A vida é mesmo cíclica. Isso renova em mim a vontade de viver e de superar os momentos de agora, pois só assim saberei e terei a possibilidade de usufruir os próximos, sejam nesta ou noutras dimensões.

Há 17 anos atrás ganhei uma tela grande de Zilá, uma amizade irmanada. Lembro-me que naquele momento fiquei muito feliz e empolgado com o presente. A época morava a trabalho em na cidade de São Paulo/SP. Guardei aquele belo presente e pensei, "não tenho onde colocar, um dia eu emolduro este quadro"

De fato até agora nunca tinha tido uma casa para chamar de minha.
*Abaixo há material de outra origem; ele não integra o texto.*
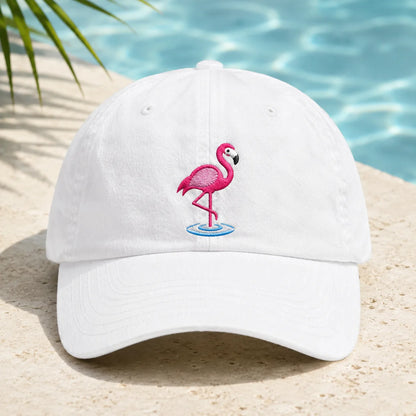 Pink Flamingo Embroidered Washed Cotton Cap - washed cap - front view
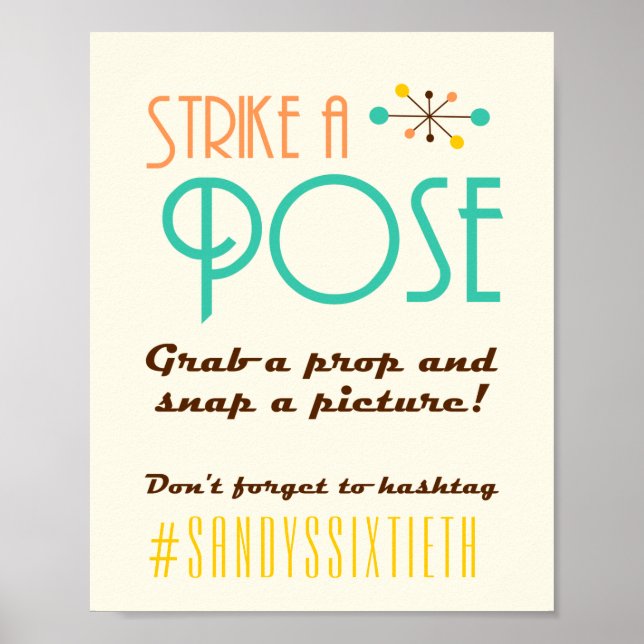 Poster Cartaz de Cabine de Fotos de Aniversário no Estilo (Frente)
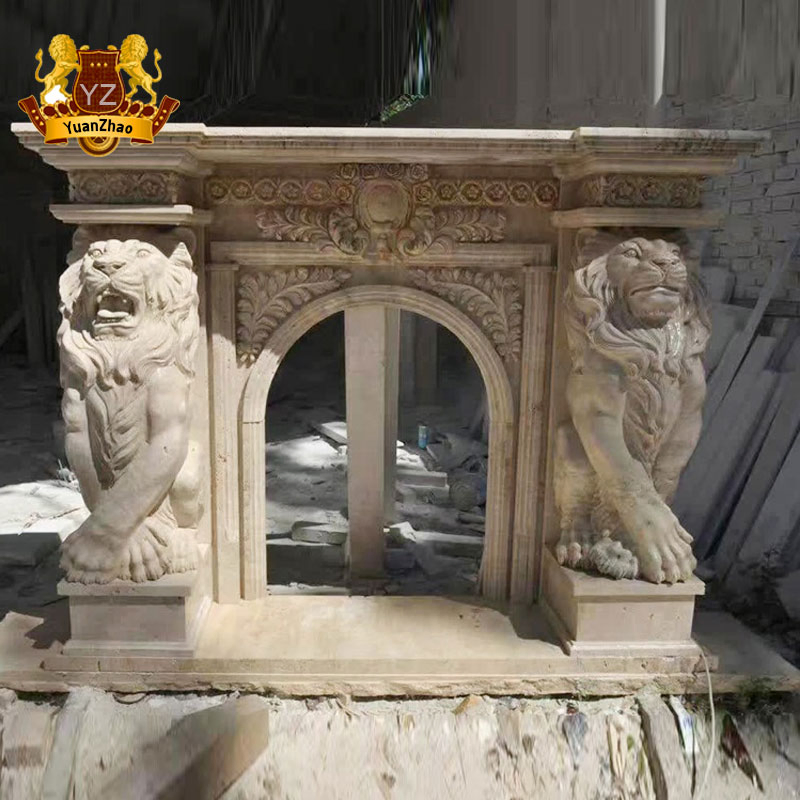 Modern Home Decoration Freestanding Natural Beige Marble Lion Carving Fireplace Mantel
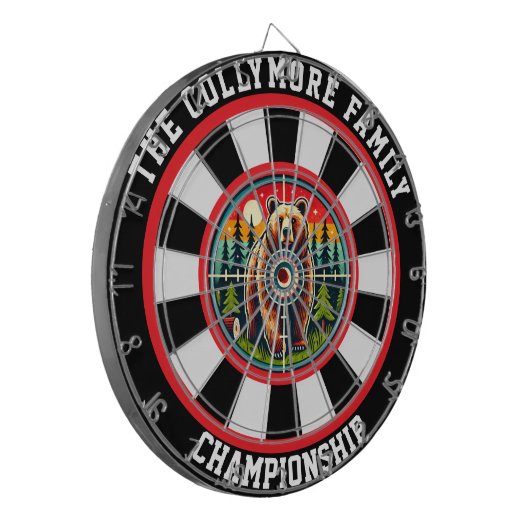 Circular Grizzly in Forest Target Dartbord (Voorkant Links)
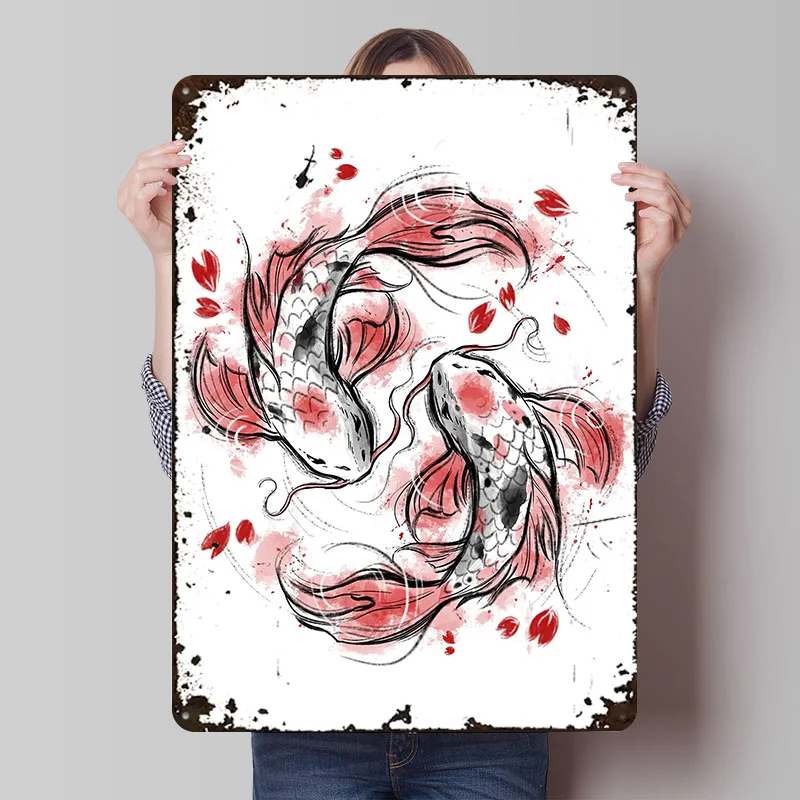 Japanese Koi Metal Poster Tin Signs Decoration At Home Decorations Custom Metal Sign for Wall Art Decoration Corner Coffee Retro
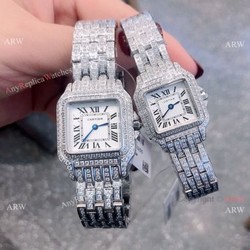 Copy Cartier Panthere de Iced Out Watches Stainless Steel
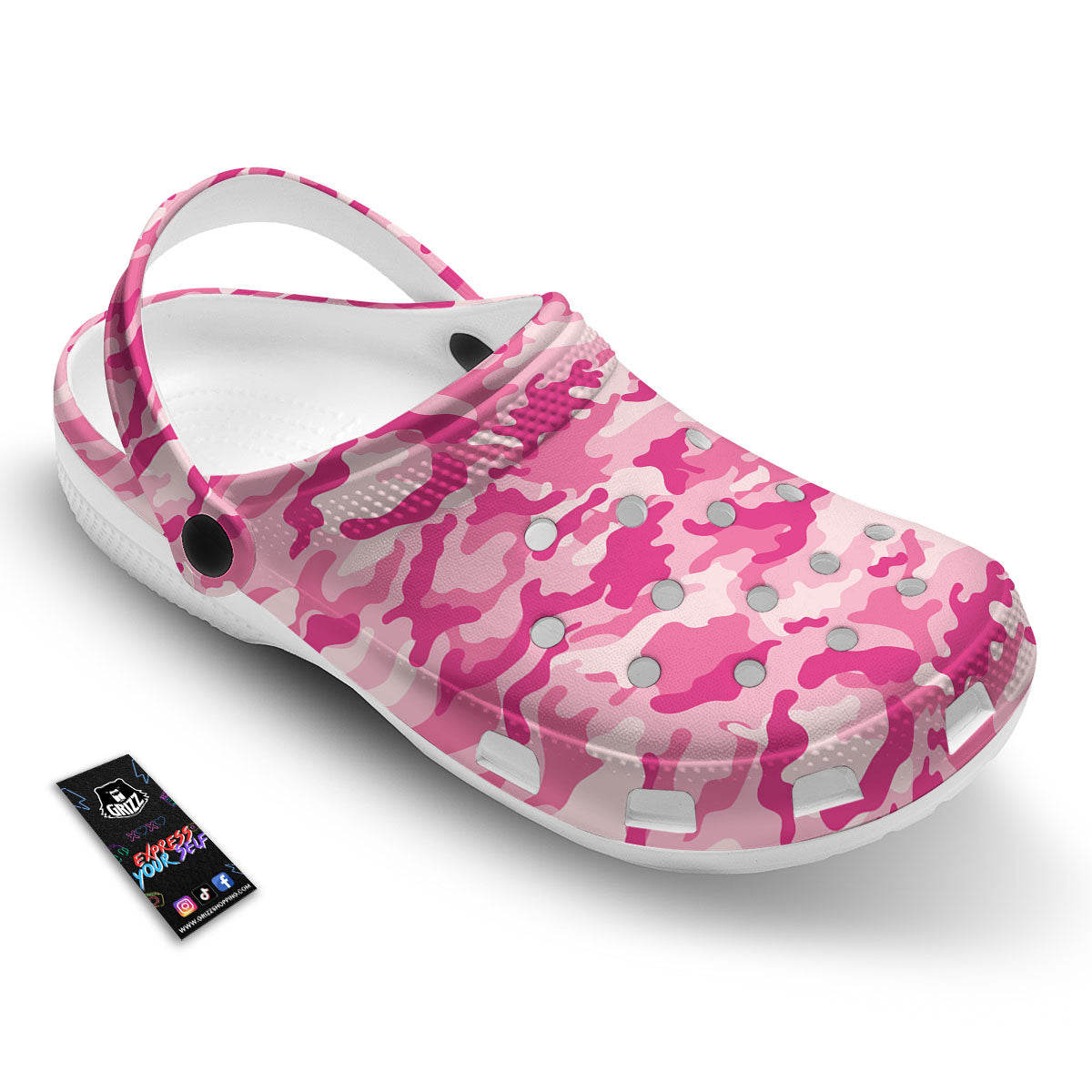 Camouflage Pink Print Pattern Clog-grizzshop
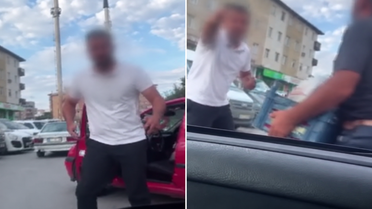 Trafikte 'Neden kornaya bastın' kavgası! Öfkeli sürücünün dehşet saçtığı anlar kamerada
Sou assim mesmo desapegado. Moro em qualquer lugar (parece a letra da música "Pais e Filhos" do Renato Russo, 1992). Sempre dividindo com alguém, seja casa, kits, apartamentos, etc. Mas sou muito feliz.

O tempo passou e em agosto desse ano de 2017 - 17 anos depois, ganhei duas pequenas telas na técnica batik, trazidas de Moçambique pelo Tata Kibuku Mugongo.

Amei as telas!

Como agora moro em um barraco no cerrado, numa área irregular e poeirenta (ou lamacenta), mas me sinto em casa, e considerando que posso furar as paredes e pendurar o que eu quiser etc... Empolguei-me em emoldurá-las.

Neste momento veio à recordação a tela guardada e dobrada no baú das lembranças e fui vê-la. Ela me pareceu mais linda, pois é a prova de um amor e de uma amizade preservados com o tempo. E para minha surpresa, já que eu não lembrava dos detalhes, também é uma tela em batik moçambicano!

É a sincronicidade do tempo e do agir divino.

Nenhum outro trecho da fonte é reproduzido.